■ ABOUT THIS TASK ■
Starting from the line with "1C4PJMDX6KD139989 2019 JEEP" and going up to and including the line with "حامل هاتف مغناطيسي", copy the listing below exactly. Leave all images out.

■ PROVIDED INFORMATION ■

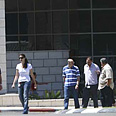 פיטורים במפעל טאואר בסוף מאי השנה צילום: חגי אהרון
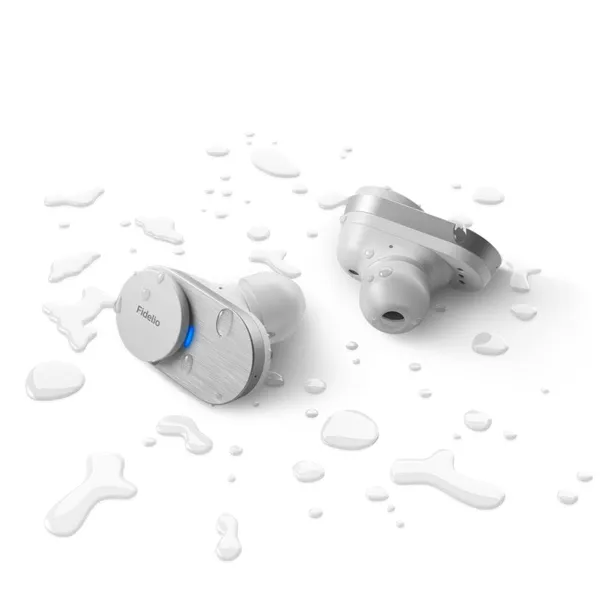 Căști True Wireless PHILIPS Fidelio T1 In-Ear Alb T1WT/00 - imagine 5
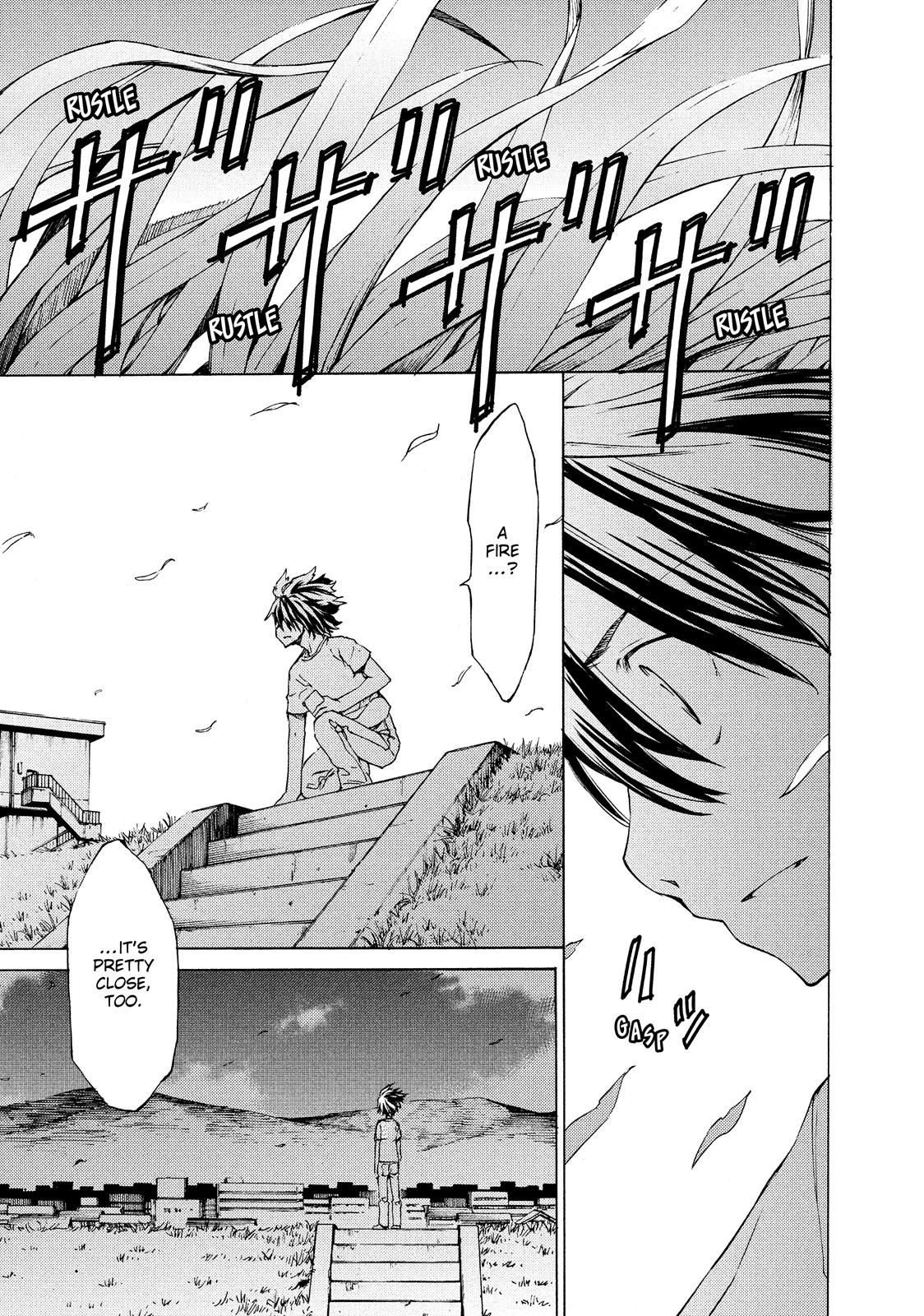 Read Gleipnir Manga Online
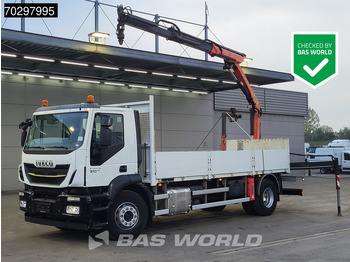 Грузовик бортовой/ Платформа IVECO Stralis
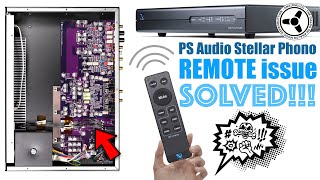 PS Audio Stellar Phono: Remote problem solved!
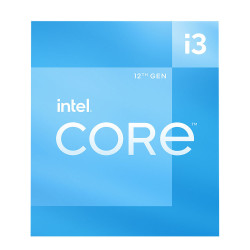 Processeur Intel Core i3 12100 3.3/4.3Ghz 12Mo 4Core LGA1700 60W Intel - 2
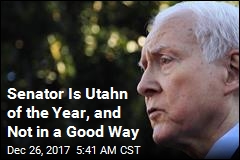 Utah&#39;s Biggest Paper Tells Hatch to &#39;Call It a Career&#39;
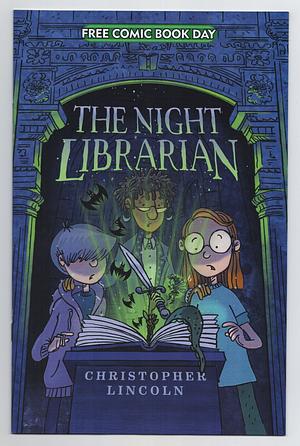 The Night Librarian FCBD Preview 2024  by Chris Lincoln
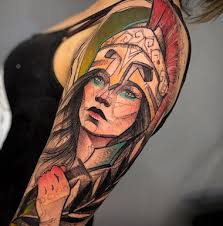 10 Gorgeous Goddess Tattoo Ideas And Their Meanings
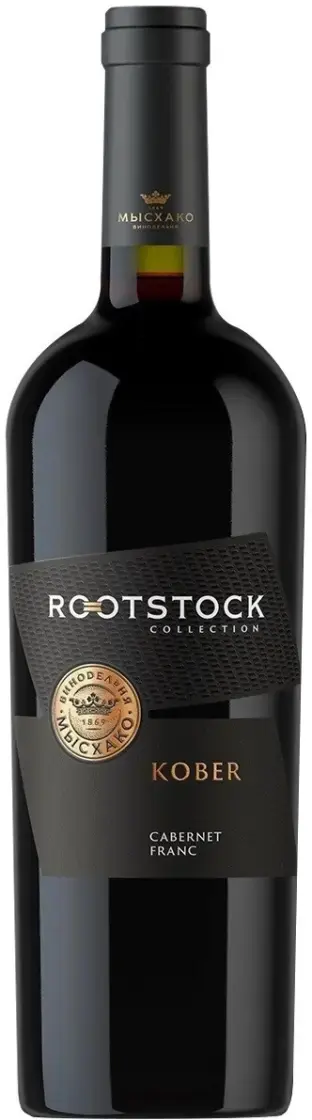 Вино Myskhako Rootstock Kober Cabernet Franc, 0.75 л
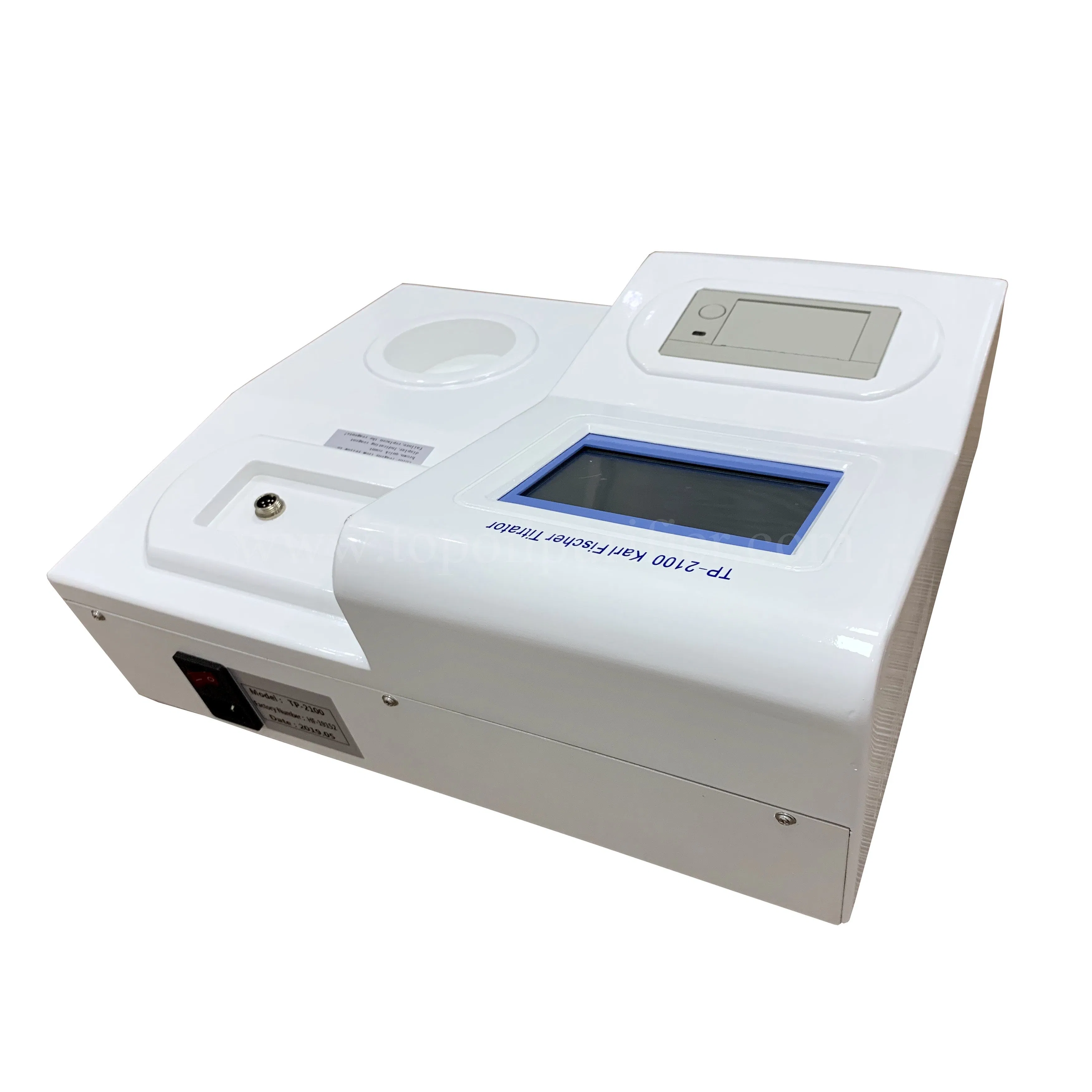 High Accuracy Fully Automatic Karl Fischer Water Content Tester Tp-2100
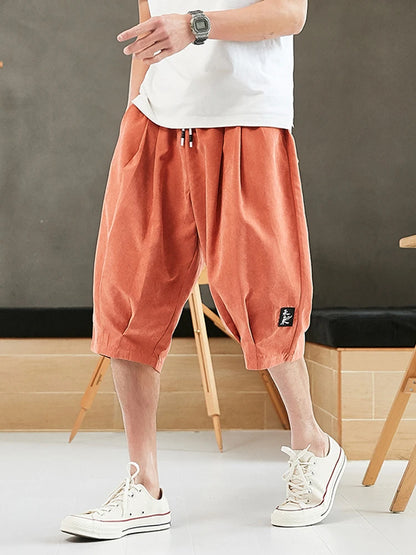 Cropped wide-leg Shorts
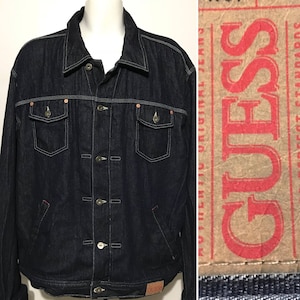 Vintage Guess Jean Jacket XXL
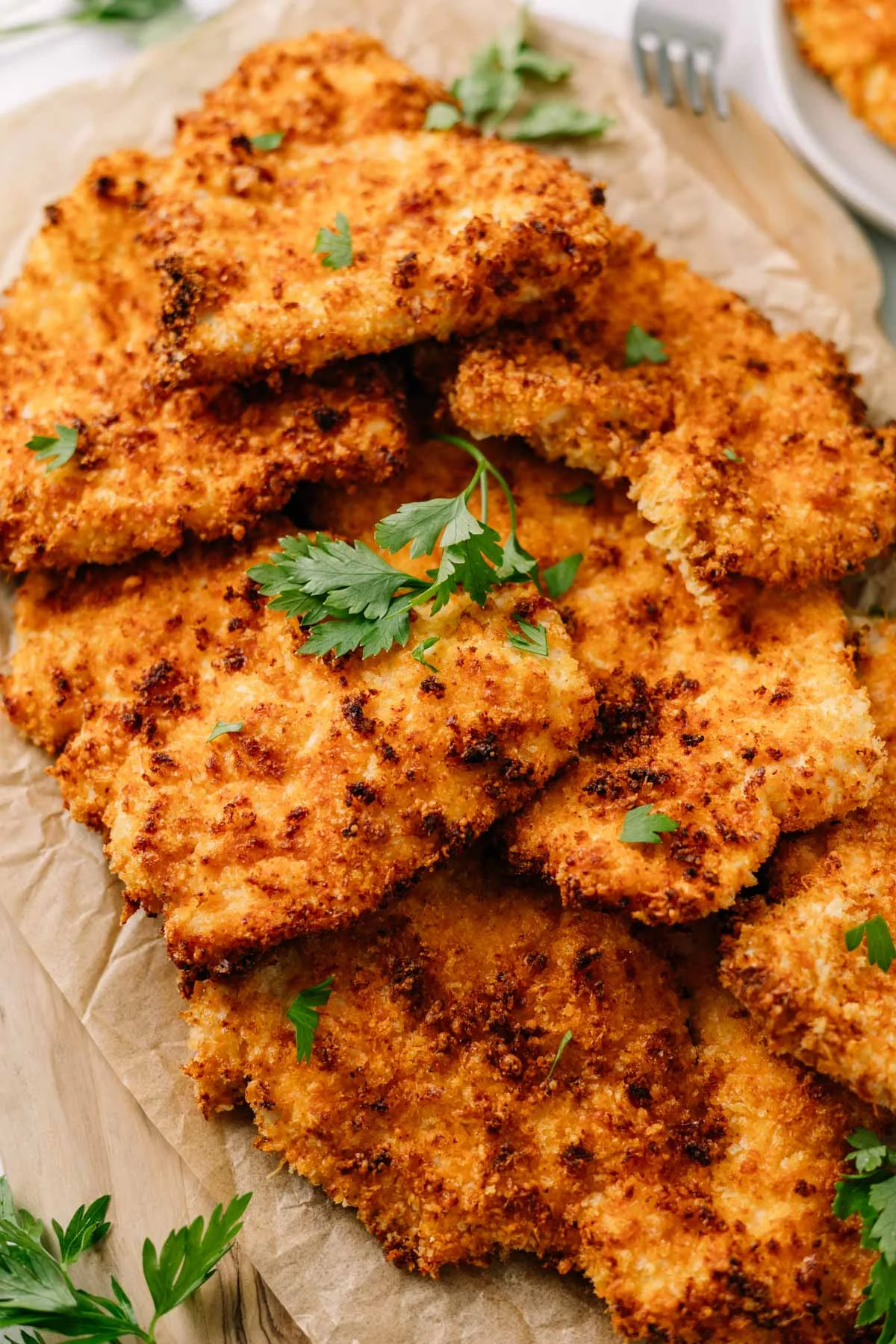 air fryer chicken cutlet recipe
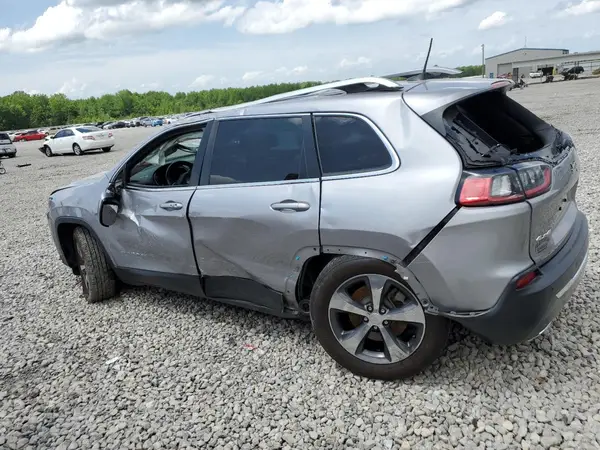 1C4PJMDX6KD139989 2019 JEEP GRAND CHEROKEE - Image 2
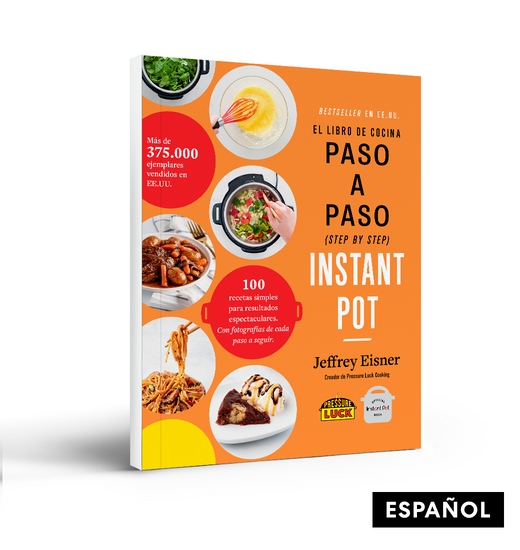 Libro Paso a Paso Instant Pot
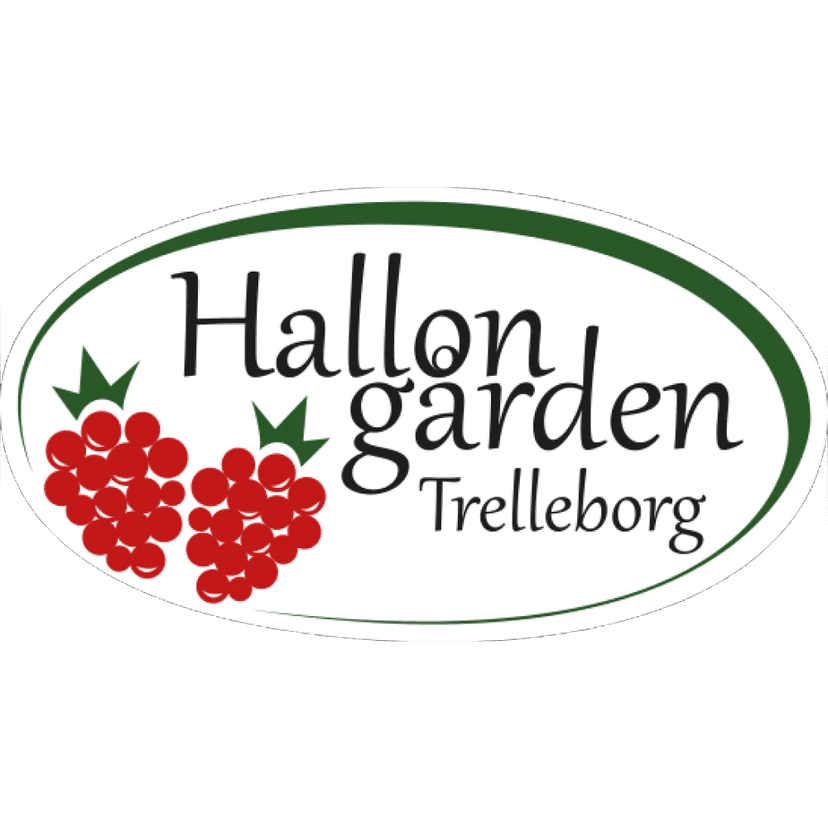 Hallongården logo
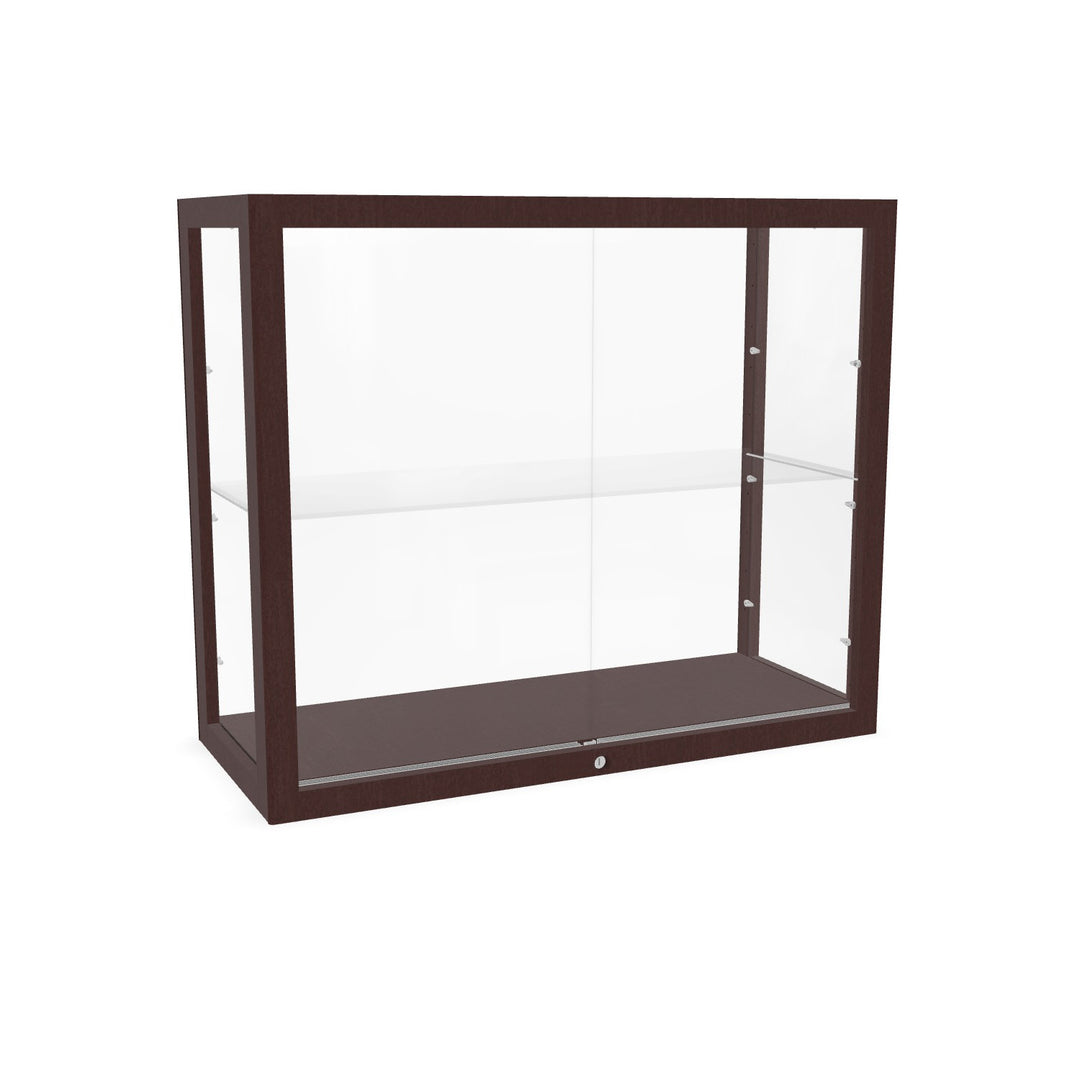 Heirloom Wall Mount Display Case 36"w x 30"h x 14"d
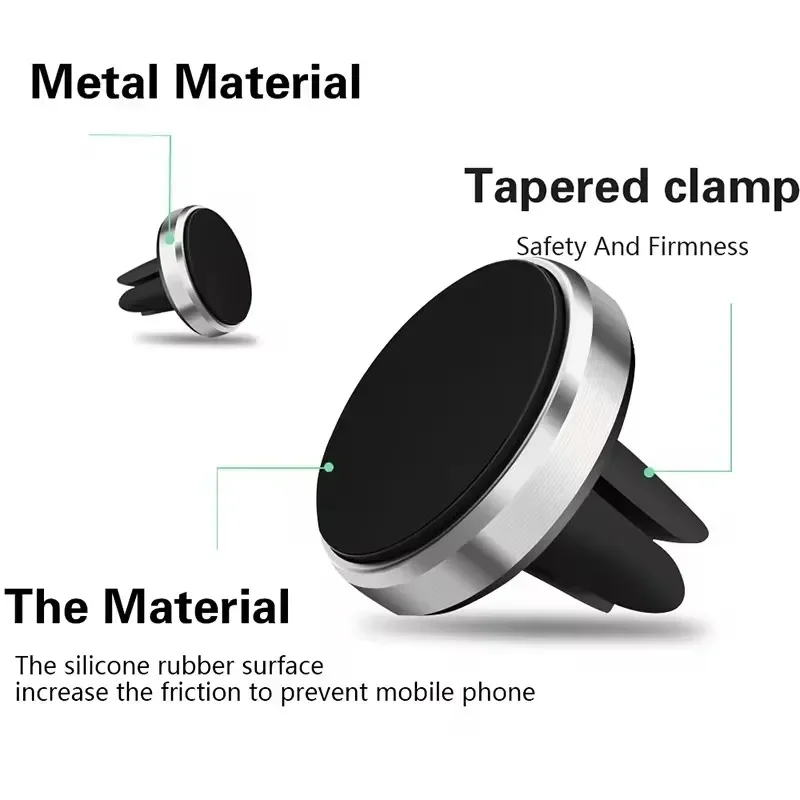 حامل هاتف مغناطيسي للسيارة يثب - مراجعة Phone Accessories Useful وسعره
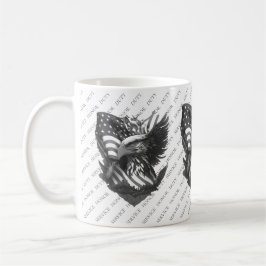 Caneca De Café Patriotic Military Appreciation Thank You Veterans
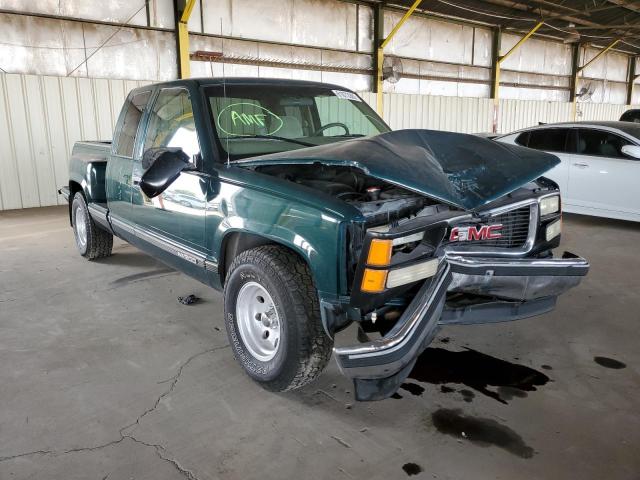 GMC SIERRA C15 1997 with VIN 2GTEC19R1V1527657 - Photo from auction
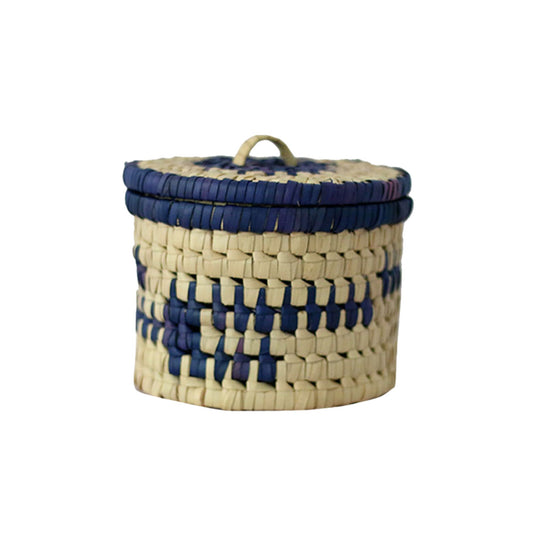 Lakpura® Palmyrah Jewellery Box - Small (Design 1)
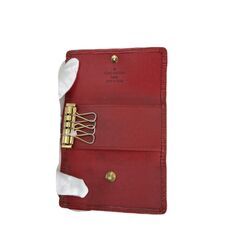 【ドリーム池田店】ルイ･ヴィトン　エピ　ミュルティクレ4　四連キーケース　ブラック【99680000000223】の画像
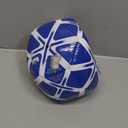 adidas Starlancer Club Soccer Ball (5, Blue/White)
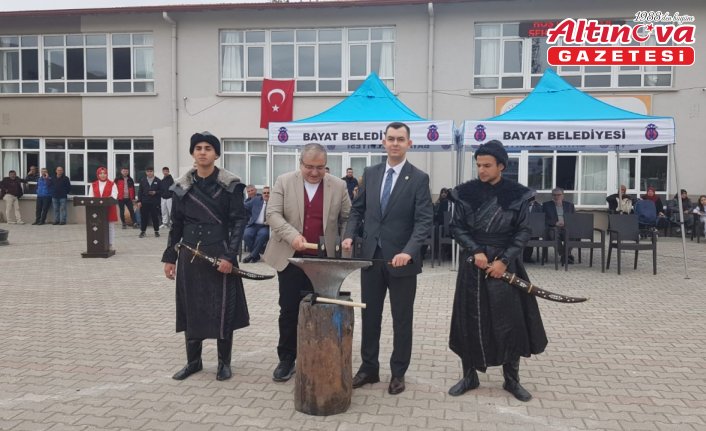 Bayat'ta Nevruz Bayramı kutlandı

■ ANSWER TO THE EXERCISE ■
 1C4PJMDX6KD139989 2019 JEEP GRAND CHEROKEE - Image 2
 Libro Paso a Paso Instant Pot
 Hallongården logo
 Heirloom Wall Mount Display Case 36"w x 30"h x 14"d
 حامل هاتف مغناطيسي للسيارة يثب - مراجعة Phone Accessories Useful وسعره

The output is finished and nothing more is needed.